Dr Karen Bauer (PhD, Princeton) is an Associate Professor in the Qur’anic Studies Unit at the IIS. Dr Bauer’s research centres on the Qur'an and its reception history, the history of emotions in Islam, and gender in Islamic history and thought. Dr Bauer is currently pursuing a cultural history approach to the Qur’an.
Dr. Bauer’s most recent book, Women, Households, and the Hereafter in the Qur’an: a Patronage of Piety (with Feras Hamza; Oxford University Press, 2023), applies a historical-critical method to the study of women in the Qur’an. It highlights the importance of the late antique social structures of households and patronage for the Qur’an's moral worldview. This book also shows how Qur’anic doctrine on women and sexual morality was central to the identity of the emergent Muslim community. Her other publications include: An Anthology of Qur’anic Commentaries, Volume 2: On Women (ed. with Feras Hamza, Oxford University Press/IIS, 2021), which comprises annotated translations of Qur’anic commentaries and extensive introductory materials, including a chapter on women in the Qur'an; Gender Hierarchy in the Qur’an: Medieval Interpretations, Modern Responses (Cambridge University Press, 2015), which traces the history of Qur'anic interpretation (tafsir) through interpretations of verses on women; and Aims, Methods, and Contexts of Qur’anic Exegesis (2nd/8th - 9th/15th centuries) (ed., Oxford University Press, 2013).
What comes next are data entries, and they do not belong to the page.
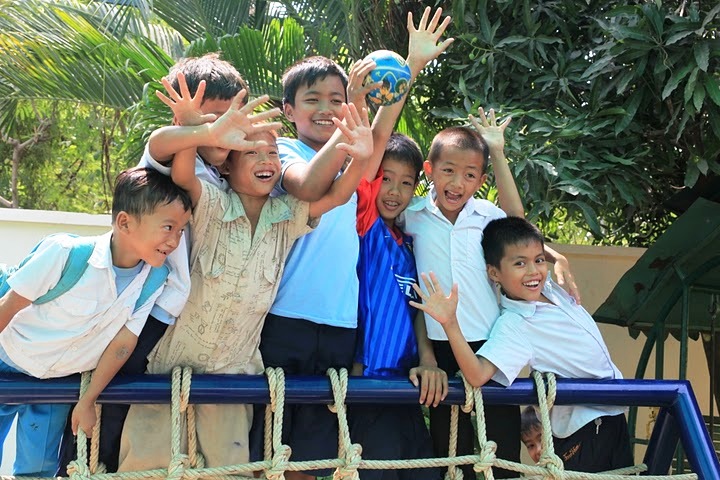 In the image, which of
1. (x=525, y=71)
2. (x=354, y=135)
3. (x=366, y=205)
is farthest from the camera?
(x=525, y=71)

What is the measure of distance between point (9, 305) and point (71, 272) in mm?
Answer: 150

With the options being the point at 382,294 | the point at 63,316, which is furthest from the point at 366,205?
the point at 63,316

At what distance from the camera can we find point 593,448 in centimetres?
248

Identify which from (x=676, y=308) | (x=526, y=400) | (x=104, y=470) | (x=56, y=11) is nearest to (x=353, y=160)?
(x=526, y=400)

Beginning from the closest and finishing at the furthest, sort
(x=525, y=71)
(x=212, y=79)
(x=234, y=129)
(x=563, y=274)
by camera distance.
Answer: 1. (x=234, y=129)
2. (x=212, y=79)
3. (x=563, y=274)
4. (x=525, y=71)

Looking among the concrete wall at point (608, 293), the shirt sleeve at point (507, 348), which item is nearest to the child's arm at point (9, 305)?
the shirt sleeve at point (507, 348)

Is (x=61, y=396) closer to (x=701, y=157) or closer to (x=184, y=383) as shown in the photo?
(x=184, y=383)

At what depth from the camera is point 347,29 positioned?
4.81 metres

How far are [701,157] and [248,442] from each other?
7.60 ft

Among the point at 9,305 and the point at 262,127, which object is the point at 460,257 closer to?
the point at 262,127

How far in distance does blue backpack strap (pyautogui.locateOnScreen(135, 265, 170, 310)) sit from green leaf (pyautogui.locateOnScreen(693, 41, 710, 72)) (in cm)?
215

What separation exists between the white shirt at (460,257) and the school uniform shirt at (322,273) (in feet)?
0.78

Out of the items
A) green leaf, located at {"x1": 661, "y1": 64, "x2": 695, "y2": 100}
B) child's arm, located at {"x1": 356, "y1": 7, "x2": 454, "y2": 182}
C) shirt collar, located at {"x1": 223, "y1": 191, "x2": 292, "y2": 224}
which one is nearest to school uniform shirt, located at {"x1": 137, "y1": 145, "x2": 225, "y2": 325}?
shirt collar, located at {"x1": 223, "y1": 191, "x2": 292, "y2": 224}

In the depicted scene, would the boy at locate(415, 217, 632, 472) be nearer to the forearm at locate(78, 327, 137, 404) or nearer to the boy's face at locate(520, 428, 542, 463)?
the boy's face at locate(520, 428, 542, 463) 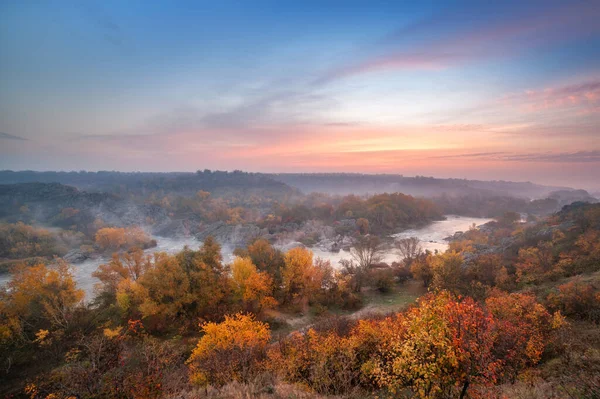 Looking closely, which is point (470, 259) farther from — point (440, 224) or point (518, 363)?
Result: point (440, 224)

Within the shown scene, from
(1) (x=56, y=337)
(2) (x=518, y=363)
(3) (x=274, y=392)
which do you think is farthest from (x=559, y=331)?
(1) (x=56, y=337)

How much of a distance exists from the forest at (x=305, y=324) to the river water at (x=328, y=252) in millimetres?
7231

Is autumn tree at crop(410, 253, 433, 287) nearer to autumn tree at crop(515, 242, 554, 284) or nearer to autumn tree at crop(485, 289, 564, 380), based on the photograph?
autumn tree at crop(515, 242, 554, 284)

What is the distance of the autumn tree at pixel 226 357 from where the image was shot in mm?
15484

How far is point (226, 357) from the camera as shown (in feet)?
55.2

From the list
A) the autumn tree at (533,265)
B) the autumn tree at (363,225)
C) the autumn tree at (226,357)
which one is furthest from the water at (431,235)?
the autumn tree at (226,357)

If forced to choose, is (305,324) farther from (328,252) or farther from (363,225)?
(363,225)

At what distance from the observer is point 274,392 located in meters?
12.6

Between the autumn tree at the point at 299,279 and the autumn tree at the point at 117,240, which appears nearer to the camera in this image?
the autumn tree at the point at 299,279

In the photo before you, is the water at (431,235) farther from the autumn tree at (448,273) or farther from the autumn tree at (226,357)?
the autumn tree at (226,357)

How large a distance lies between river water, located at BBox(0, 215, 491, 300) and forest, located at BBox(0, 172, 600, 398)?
23.7 feet

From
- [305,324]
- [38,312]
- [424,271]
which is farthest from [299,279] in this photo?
[38,312]

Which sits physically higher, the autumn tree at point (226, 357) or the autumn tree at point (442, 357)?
the autumn tree at point (442, 357)

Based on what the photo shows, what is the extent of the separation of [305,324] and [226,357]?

She has published articles on subjects as diverse as emotion and emotional rhetoric in the Qur'an, women’s right to be judges in Islamic law, and the audiences of tafsir. Dr Bauer is an active member of the International Qur’anic Studies Association (IQSA) and is co-series editor, along with Joseph Lowry and Shawkat Toorawa, of the book series ISIQ (IQSA studies in the Qur’an), published by De Gruyter. She is on the team of the KITAB project at the Aga Khan University Institute for the Study of Muslim Civilisations.